I loved her image and the gorgeous oranges and greens she used. I copied her design although with a few variations.
- DIfferent colours – I used small left over pieces of yarn, mainly in pink and blue, with dark green as the background colour. I used quite a lot of the green, maybe four or five balls. This yarn was kindly given to me by Jo.
- My “granny squares” (I cringe at this description (4/8/12 squares? Crocheted Catherine wheels?) are smaller than Carolyns
- My dimensions were 9 x 16 rather than her 6 x13 sqaures. My skirt is also a little longer
What I learned
- Crocheting is a nice change from knitting. I like the deft way my hook weaves in and out, front and back – this makes me feel quite expert while I am actually a complete beginner.
- It can be a bit fiddly, especially the colour change and changing rounds
- Two techniques I found helpful were to finish each colour and then start anew. The chain of three to get to the next layer didn’t really work for me. The other is change back to front between layers.
- I also found blocking the squares to be very helpful. I pinned the corners out and pressed the square flat – I created a 6cm x 6cm template but didn’t find it necessary. I just pinned the squares to my ironing board, steam pressed them and let them cool.
- The pressing revealed the lacy look. As these squares are beautiful on both sides I started to think of items that could show case them better than a one sided item, and have decided to try a scarf. The yarn and the tension could make this a bit too stiff so I will increase the crochet hook size and go for a thinner yarn. However Ceci warned me that the lacy effect means they can get hooked onto passing door knobs etc, and may need mending
- With three colours in one small square there are lots of ends. I tried hard to work these in as I went but I didn’t really crack it
- It is fairly slow progress but I found this the ideal hobby for travelling on public transport and fitting in to odd downtime slots. It is easy to pick up and put down and each square is very small and unobtrusive
- Carry small scissors. I had large ones in my bag and got in trouble going through security at the Mayor’s office. The scissors were confiscated and I forgot to pick them up involving time and work to get them back.
- I love the way the colours work. This is the biggest joy. I made them randomly, as the mood took me. Then arranging them into a pattern was fun. I could do stripes, blocks or variation. In the end I did horizontal colour stripes (pink and blue) and put one lighter next to one darker to create a sort of checker board look. My final arrangement is a bit like a Welsh blanket. The possibilities are endless here and this factor will bring me back to the technique.
In the midst of my creative efforts my dear Daughter in Law (who works for Burberry) sent me these amazing images.

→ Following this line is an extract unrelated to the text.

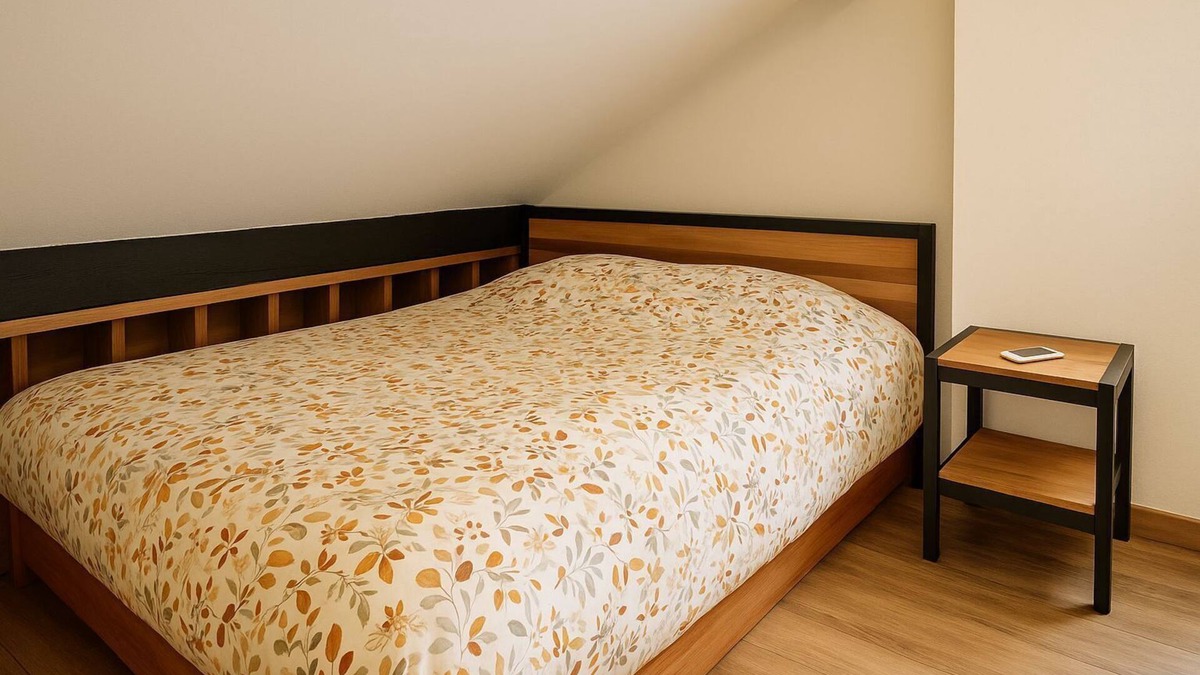 Loos Apartment | Loos duplex with darts & sofa bed near Lille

Look at those cool grannies!! Crochet plus knitting! Cables, embroidery, and cricket jumper ribbing. Of course too out there for many of us, but massively inspirational.
I may be a granny, but I am so up to the minute, darling!
Here is what it looks like as I am starting to join the squares together.
As it is coming together I realise that Carolyn’s approach of knitting a ribbed yoke/waist band is still a bit bulky and I do like my skirts to have sufficient shaping, given my relatively curvy shape. So I have stalled.
Given this is pure wool I have considered shrinking the top and stretching the hem, to create a slight A line, but I should have thought of that at the design stage. If I had been really clever I might have designed a yoked skirt and created a different design for the yoke – maybe striped instead of granny squares. Or even more interesting would have been to create different sized squares using a smaller crochet hook or finer yarns. My other notion is to dart the side seams to provide waist shaping, and put in a zip. I am not sure if this would work. Would it need a waist band? If so does it need to be interfaced or made in a different way? I wonder if anyone has made a crocheted granny square garment? They often seem to be based on rectangles rather than shaped.